Selling your annuity as we move towards a second-hand annuity market
An annuity is a regular monthly income source that savers, largely from private sector companies, receive at retirement in exchange for their lifetime pension savings. Now George Osborne has said that around five million pensioners, who have used their retirement savings to buy an annuity, will be allowed to sell it for a cash sum after March 2016 and consultation has begun on how a second-hand annuity market might operate and be regulated.
The second-hand market will be for those who have already used their private pension pot to buy an annuity. Many complain they are trapped in poor-value annuities – which also disappear on their death rather than pass on to heirs. However, the Chancellor reckons that “for most people, sticking with that annuity is the right thing to do”. People who are in their late 80s or 90s generally have very good annuities – some of them paying an income of 15% a year, which they will not want to swap.
On the other hand, if you have taken out an annuity in the past couple of years, when rates have fallen to historic lows, you may want to obtain a quote on how much it might get if you cash it in. Holders of annuities who bought in the last five years could get back as much as they put in, despite the fact that they have already been drawing an income.
The Government says:
“Individuals may want to sell an annuity, for instance, to provide a lump sum for relatives or dependants; pay off debts; in response to a change in circumstances, for example getting divorced or remarried; or to purchase a more flexible pension income product instead.”
The government has also indicated that the market will operate with your annuity income being offered at auction, with only financial institutions bidding for it. You sell it to the highest bidder for cash, then the annuity company pays the buyer the income that you would otherwise have been receiving until you die. The older or less healthy someone is, the less they will receive for their annuity as the buyer will only receive the income until the seller’s death.
Be aware that the cash you could receive on the sale of your annuity next year will be taxable in the same way as any other income you receive in that tax year. People wanting to sell their annuity income to a willing institutional buyer currently face a 55% tax charge, rising in some cases to 70%.

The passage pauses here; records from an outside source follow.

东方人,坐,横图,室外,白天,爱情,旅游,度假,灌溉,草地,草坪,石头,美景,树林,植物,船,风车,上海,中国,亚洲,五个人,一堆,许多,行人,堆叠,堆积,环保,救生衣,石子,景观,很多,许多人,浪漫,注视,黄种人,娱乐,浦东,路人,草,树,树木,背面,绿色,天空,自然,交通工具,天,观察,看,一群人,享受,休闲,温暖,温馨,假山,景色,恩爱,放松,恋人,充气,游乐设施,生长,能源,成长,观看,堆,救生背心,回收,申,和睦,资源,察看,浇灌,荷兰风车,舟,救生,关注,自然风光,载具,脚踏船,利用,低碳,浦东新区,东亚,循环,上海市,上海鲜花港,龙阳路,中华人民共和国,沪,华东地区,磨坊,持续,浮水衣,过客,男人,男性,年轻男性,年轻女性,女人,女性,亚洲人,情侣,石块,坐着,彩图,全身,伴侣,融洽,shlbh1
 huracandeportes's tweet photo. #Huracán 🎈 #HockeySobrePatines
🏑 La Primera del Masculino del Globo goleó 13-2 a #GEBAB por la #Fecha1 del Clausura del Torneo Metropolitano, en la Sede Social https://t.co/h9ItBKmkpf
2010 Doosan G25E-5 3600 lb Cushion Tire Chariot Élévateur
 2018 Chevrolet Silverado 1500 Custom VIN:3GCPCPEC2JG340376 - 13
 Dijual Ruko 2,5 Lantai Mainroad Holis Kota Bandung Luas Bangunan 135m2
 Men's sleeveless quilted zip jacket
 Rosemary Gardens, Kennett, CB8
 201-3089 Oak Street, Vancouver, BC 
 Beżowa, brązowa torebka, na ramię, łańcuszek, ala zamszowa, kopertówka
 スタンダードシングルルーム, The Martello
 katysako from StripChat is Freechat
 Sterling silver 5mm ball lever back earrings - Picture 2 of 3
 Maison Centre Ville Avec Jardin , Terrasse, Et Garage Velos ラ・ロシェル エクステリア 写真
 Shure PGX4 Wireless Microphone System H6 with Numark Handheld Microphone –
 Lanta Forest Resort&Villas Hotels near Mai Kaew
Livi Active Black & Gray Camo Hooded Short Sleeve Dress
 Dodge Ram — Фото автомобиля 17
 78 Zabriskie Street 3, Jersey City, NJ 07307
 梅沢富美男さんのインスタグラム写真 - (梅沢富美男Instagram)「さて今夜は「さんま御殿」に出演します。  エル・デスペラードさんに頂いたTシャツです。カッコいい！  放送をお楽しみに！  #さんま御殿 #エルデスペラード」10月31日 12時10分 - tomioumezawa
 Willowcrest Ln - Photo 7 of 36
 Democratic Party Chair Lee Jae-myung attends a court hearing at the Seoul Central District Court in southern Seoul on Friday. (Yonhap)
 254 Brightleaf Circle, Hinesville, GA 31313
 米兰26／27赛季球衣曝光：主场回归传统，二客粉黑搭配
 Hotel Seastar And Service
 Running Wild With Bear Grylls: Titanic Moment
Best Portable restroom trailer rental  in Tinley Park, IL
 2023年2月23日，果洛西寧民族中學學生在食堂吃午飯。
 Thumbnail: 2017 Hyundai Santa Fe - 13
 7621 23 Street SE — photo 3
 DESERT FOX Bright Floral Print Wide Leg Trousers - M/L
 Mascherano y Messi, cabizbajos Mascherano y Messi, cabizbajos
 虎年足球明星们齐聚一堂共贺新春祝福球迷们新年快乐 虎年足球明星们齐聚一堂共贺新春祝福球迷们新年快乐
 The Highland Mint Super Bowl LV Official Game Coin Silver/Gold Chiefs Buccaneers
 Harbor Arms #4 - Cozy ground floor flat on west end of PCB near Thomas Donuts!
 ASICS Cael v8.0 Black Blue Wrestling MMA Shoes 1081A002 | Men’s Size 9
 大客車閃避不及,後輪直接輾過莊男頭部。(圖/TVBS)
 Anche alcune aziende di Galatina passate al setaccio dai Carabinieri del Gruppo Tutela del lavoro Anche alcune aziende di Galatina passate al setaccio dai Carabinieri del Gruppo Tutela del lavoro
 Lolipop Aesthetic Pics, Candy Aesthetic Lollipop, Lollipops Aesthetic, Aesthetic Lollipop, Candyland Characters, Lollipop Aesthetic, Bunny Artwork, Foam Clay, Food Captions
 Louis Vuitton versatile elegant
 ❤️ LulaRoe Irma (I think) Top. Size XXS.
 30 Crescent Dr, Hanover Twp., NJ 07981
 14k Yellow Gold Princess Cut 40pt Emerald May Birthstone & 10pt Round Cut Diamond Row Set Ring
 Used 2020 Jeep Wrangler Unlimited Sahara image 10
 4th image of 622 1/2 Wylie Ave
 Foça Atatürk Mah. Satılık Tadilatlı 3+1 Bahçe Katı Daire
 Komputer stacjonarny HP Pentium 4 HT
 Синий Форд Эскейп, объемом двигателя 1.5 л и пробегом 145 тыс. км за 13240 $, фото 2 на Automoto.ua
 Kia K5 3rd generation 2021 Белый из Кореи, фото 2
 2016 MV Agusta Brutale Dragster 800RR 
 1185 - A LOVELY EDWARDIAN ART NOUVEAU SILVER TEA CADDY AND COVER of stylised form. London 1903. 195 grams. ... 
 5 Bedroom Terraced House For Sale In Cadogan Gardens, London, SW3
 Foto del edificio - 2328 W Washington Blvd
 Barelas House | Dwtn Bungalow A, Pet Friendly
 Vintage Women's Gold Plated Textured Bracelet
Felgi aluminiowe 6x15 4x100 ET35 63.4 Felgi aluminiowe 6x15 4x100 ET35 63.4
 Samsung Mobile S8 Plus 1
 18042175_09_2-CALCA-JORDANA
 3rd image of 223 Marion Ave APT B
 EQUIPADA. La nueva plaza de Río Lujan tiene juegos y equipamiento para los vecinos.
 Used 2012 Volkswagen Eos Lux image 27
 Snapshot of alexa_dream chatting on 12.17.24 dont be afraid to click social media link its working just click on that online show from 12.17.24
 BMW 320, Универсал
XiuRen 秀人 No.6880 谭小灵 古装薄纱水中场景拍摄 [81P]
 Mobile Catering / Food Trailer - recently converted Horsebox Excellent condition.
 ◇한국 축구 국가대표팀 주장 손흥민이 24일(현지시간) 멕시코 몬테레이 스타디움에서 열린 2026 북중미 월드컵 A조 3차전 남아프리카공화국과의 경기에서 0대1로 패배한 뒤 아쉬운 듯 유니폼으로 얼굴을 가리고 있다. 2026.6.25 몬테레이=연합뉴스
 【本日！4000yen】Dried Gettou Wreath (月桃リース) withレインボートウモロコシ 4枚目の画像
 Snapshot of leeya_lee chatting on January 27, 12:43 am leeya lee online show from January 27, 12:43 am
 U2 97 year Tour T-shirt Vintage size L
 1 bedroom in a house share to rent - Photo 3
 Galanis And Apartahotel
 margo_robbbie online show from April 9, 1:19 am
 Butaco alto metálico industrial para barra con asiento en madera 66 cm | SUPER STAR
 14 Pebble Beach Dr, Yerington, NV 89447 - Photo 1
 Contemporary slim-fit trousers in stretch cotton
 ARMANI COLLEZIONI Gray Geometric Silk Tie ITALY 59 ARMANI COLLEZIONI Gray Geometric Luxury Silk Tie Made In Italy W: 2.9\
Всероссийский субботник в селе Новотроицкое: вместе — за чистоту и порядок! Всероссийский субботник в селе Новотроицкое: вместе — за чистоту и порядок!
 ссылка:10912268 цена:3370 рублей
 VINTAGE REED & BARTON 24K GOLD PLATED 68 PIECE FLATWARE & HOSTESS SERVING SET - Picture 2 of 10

No second-hand market for annuities yet exists, so the government has launched a consultation on the measures needed to establish one. Like the new arrangements that enable pre-retiring individuals to cash in their pension pots, the second-hand market place could attract the attention of fraudsters and the government will also be working with the Financial Conduct Authority and other bodies, to put consumer protection measures in place as part of the consultation.